In many cases, people want to run a llama-server for various uses but also might want a quick test UI in cases where they cannot access the WebUI (i.e. pure console / terminal environments). Since llama-cli spawns a separate server instance, you cannot run both in VRAM-constrained environments, so having the option to run llama-cli with a llama-server endpoint seems desirable.

Requirements

  • I have read and agree with the contributing guidelines
  • AI usage disclosure: Yes, although GLM 5.1 generated code with a goto in it, so I had to double-check.

@pwilkin pwilkin requested review from a team and ngxson as code owners April 9, 2026 11:53
Copy link
Copy Markdown
Contributor

@ngxson ngxson left a comment

Choose a reason for hiding this comment

The reason will be displayed to describe this comment to others. Learn more.

IMO I'm not quite comfortable with this change. This adds too much for a feature that no one ever asked (via an issue)

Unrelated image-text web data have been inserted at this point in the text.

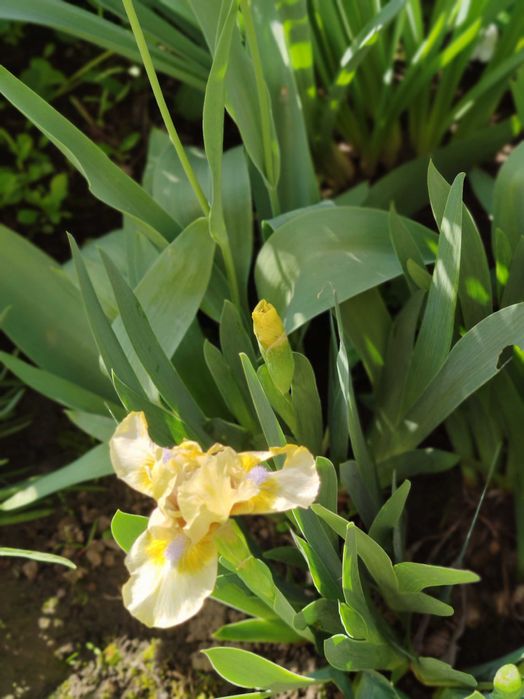 Карликові іриси набір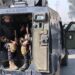 Syria ends military operations and promises to severely punish civilian murderers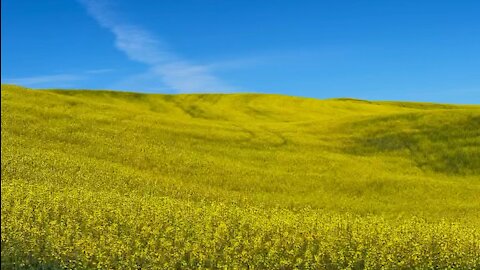 Rapeseed canola fields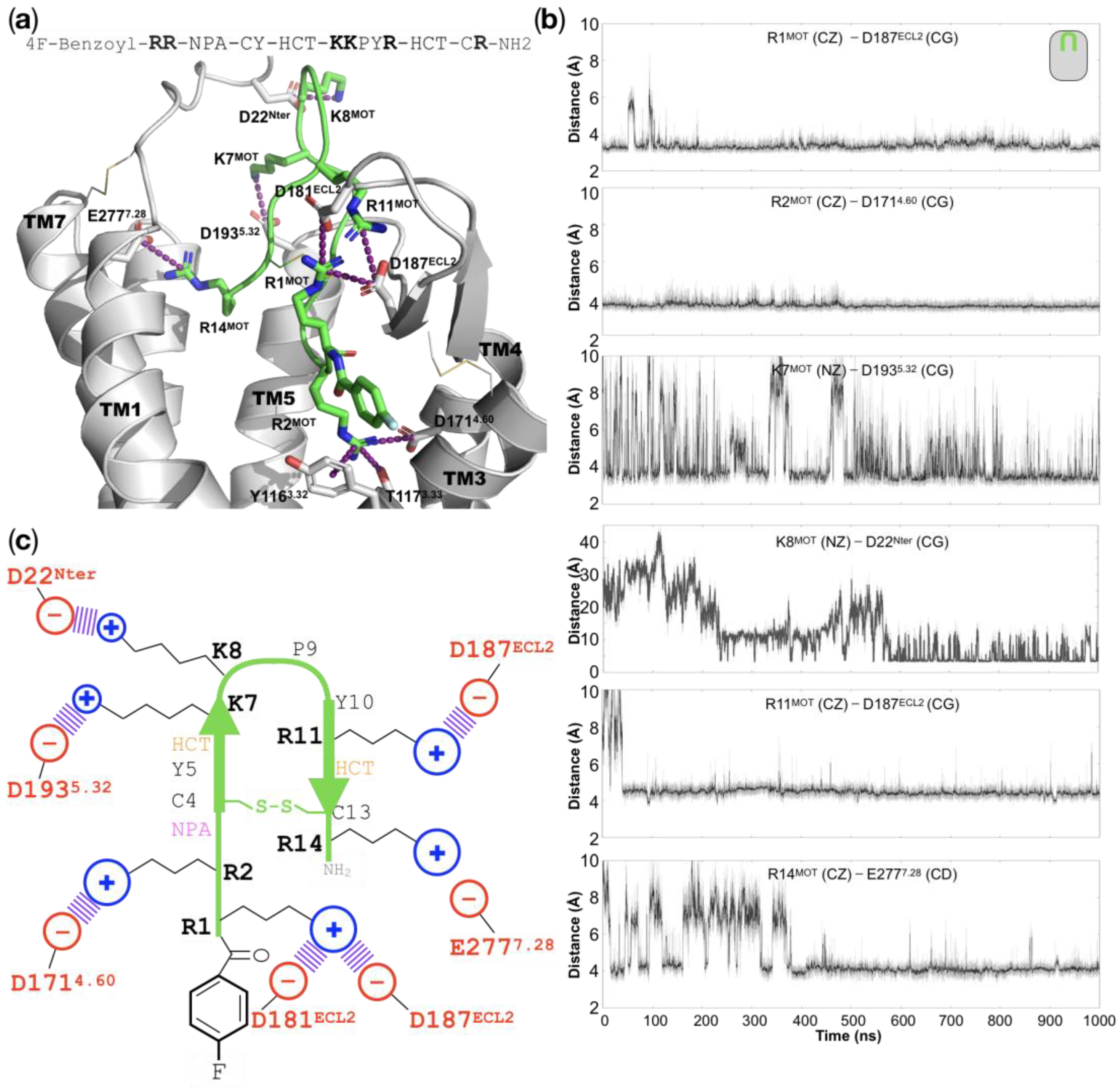 Ijms 24 04393 g004 Ijms 24 04393 g004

If you really need to do this, just code your own CLI thing in higher-level languages like python or nodejs

Comment on lines +12 to +37
struct cli_backend {
virtual ~cli_backend() = default;

// model / server info
virtual std::string get_model_name() const = 0;
virtual bool has_vision() const = 0;
virtual bool has_audio() const = 0;
virtual std::string get_build_info() const = 0;

// chat completion (streaming), returns assistant content text
virtual std::string generate_completion(
const json & messages,
const common_params & params,
bool verbose_prompt,
result_timings & out_timings) = 0;

// load a local text file, return its contents (empty string on failure)
virtual std::string load_text_file(const std::string & fname) = 0;

// load a local media file, return the OAI content part JSON for it
// returns empty JSON object on failure
virtual json load_media_file(const std::string & fname) = 0;

// cleanup
virtual void terminate() = 0;
};
Copy link
Copy Markdown
Contributor

Choose a reason for hiding this comment

The reason will be displayed to describe this comment to others. Learn more.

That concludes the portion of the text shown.